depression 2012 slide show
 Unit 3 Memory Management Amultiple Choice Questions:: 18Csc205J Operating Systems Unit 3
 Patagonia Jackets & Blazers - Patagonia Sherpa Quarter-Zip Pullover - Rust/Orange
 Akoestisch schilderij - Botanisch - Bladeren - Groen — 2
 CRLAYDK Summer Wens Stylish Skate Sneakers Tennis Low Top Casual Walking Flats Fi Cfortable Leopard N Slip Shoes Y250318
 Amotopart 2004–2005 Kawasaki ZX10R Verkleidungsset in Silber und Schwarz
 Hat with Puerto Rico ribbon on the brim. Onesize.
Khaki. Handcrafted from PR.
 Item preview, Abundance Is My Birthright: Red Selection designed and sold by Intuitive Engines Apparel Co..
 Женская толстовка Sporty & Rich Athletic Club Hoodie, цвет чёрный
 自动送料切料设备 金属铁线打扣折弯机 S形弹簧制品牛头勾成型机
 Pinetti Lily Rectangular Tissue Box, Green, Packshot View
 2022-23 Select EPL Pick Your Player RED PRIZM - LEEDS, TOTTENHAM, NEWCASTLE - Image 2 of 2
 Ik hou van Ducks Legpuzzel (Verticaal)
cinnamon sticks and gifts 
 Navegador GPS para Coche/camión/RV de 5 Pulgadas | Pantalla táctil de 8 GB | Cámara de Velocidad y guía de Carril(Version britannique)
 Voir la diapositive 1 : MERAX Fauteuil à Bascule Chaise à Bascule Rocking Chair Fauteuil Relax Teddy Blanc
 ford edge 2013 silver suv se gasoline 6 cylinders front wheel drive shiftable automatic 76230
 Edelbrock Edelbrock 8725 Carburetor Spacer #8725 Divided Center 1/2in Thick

────────────────────────────────────────

__YOUR INSTRUCTIONS__. Could you set down, exactly as written, the lines above between the one holding "Unit 3 Memory" and the one holding "Akoestisch schilderij - Botanisch", inclusive, and nothing more?

__PROBLEM SOLUTION__.
 Unit 3 Memory Management Amultiple Choice Questions:: 18Csc205J Operating Systems Unit 3
 Patagonia Jackets & Blazers - Patagonia Sherpa Quarter-Zip Pullover - Rust/Orange
 Akoestisch schilderij - Botanisch - Bladeren - Groen — 2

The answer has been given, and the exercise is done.